* [PROBLEM REQUIREMENTS] Beginning at the line containing "Window framed (and", repeat each line below exactly up to and including the line containing "Nando De Colo". Do not repeat the pictures.

* [RECORDS FOR PROCESSING]
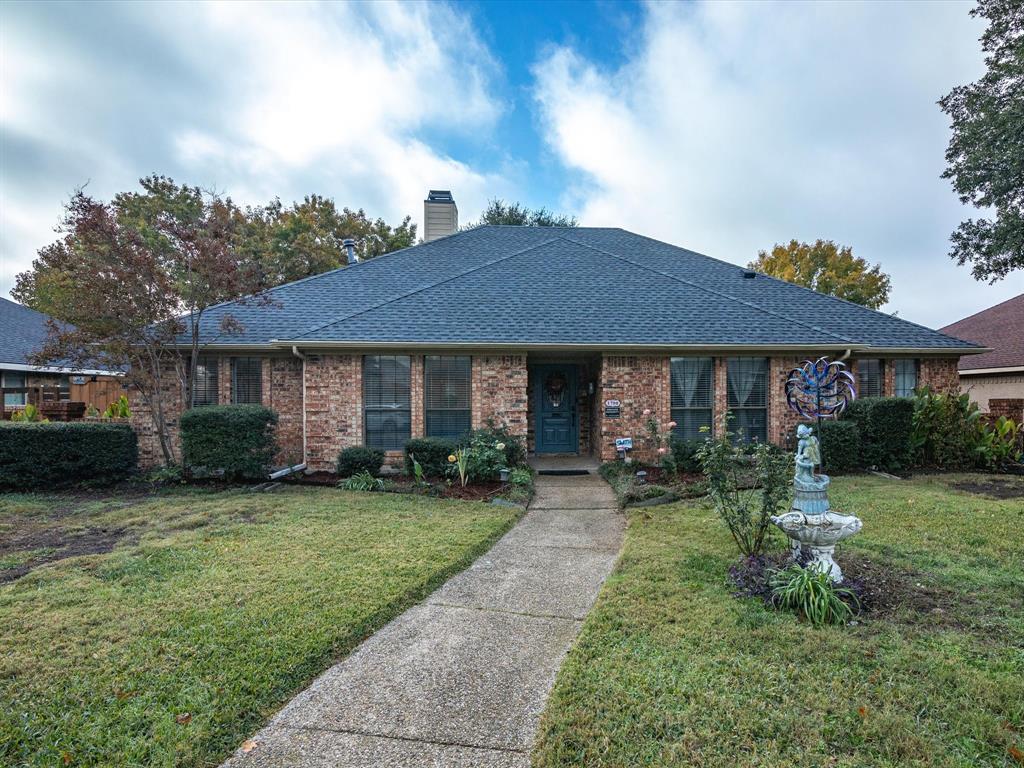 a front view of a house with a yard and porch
==
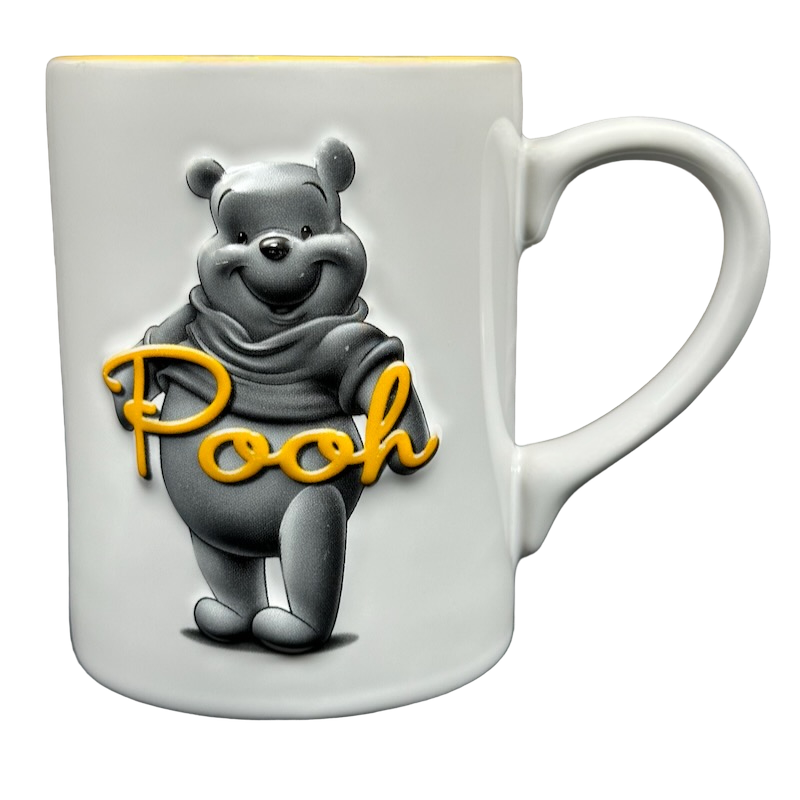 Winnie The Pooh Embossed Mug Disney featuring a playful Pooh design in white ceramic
...
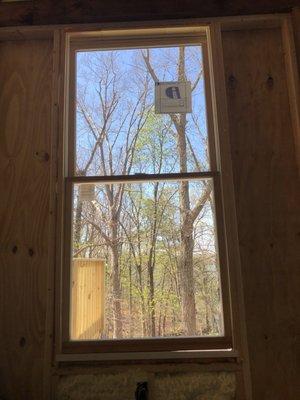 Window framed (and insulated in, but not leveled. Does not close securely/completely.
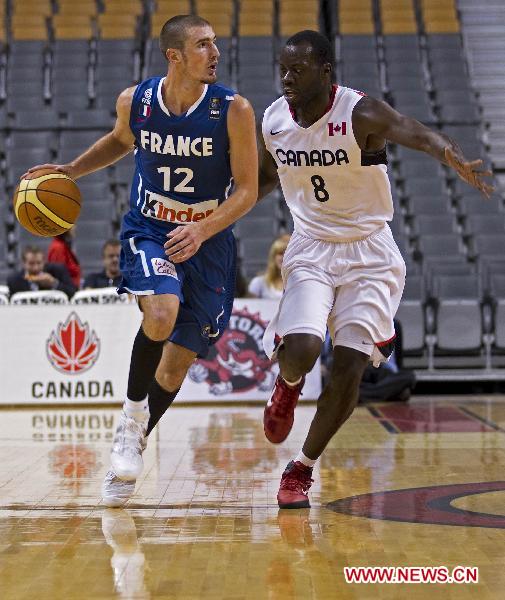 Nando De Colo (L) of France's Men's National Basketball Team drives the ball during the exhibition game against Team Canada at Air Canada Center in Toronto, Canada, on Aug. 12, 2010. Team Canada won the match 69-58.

* [EXERCISE RESPONSE]
 Window framed (and insulated in, but not leveled. Does not close securely/completely.
 Nando De Colo (L) of France's Men's National Basketball Team drives the ball during the exhibition game against Team Canada at Air Canada Center in Toronto, Canada, on Aug. 12, 2010. Team Canada won the match 69-58.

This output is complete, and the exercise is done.